Here’s the Big Office Meeting we’ve been expecting. Are they going to sing Happy Birthday? No, they’re going to say that everyone’s losing their jobs. No, they’re saying everything’s fine. That’s probably not true. Peggy’s getting back to work on the Playtex account. This will be the dirtiest ad campaign in history. “Playtex keeps your hands soft, so handjobs are better!” No wait, how about “Playtex…for soft, vaginalike hands.” Hmmmm, no, something like that, though. Speaking of the sex, here comes Stalker Abe. He’s posing as a delivery man! Here is your Special Delivery! Of sex in your office!

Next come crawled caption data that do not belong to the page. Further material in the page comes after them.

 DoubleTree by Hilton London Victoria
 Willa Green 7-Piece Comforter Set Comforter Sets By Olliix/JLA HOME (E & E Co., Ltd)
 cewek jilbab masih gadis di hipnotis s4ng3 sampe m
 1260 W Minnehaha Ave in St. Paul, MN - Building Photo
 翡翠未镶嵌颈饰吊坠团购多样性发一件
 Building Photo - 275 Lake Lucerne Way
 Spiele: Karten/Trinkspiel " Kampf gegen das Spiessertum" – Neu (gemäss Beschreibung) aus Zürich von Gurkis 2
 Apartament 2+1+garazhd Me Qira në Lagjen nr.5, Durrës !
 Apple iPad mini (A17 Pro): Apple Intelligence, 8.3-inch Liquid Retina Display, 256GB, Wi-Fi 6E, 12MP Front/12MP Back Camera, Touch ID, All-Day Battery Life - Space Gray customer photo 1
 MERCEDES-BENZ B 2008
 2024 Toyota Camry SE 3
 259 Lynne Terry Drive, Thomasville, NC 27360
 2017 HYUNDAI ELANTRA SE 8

There’s a whole Roger-Joan thing that lasts all episode and it’s mostly Roger calling up Joan and whining and begging for it. It’s like the 1965 equivalent of a text at 2 a.m. that says “hey wanna fuk lol.” Finally he goes over to her place and she dumps him in person. But does she still have his baby? DUN DUN DUN.

Later, what’s his face sexually harasses Pegs for a while and then doesn’t tell her that she has lipstick on her teeth and she gives the Playtex presentation looking like she’s just been feasting on dead infants. This is a good look for Playtex, though, because they seem to like it. She’s also wearing her cheerleader outfit again which also might help.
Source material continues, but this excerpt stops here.